One terrific thing to do with $50,000, especially if you haven't saved much for your future, would be to invest it for your retirement. Let's assume that's the case. Here's how I might go about investing that money.
Starting from scratch
If I'm starting from scratch, I'll assume that I don't know very much about investing other than the fact that lots of people seem to make a lot of money investing in stocks. Since I don't want to lose this significant chunk of money, I'll be trying to not make crucial errors with it. I'll try to read up on investing, in order to learn what to do and what not to do.
There's a good chance that I'll do at least some of my learning at Fool.com, which has long recommended investing via low-fee, broad-market index funds.

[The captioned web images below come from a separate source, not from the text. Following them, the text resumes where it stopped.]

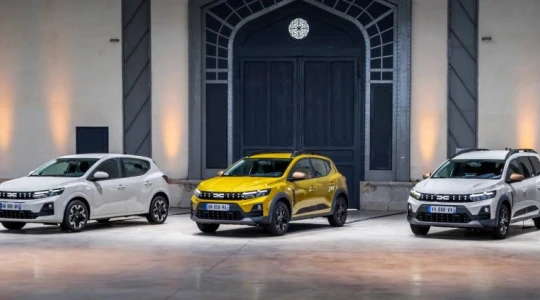 Dacia odświeża gamę. Sandero, Sandero Stepway i Jogger z nową hybrydą, Spring zyskał na mocy
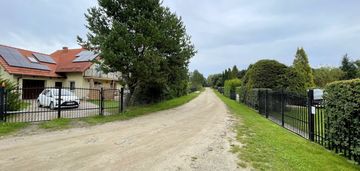 Kompleks działek z pięknym widokiem blisko jeziora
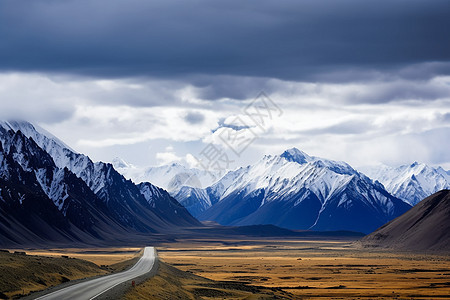 雪山和公路的自然风景图片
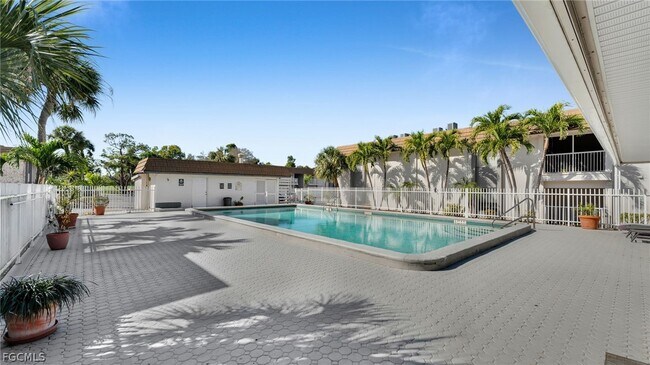 Photo - 1830 Maravilla Ave Unit 510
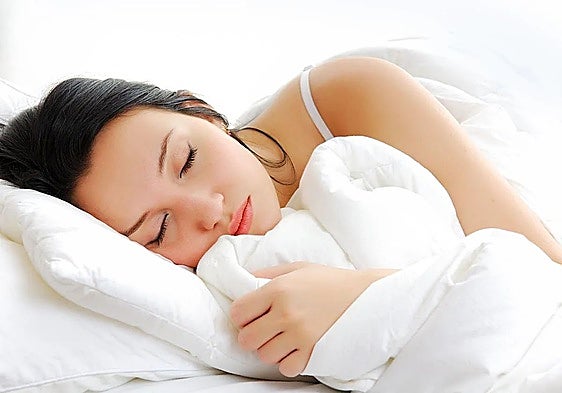 La rebelión de los cansados: por qué el verdadero lujo ya no es viajar, sino lograr dormir 8 horas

These are great for beginning investors, and even seasoned ones can do well by putting much or all of their long-term money in them.
Setting the stage
That "long term" part is right: I should only invest money in the stock market that I won't need for at least five years (if not 10), since the market can be volatile. For the short term, money might be plunked into certificates of deposit (CDs), money market accounts, bonds, or other less-volatile investments.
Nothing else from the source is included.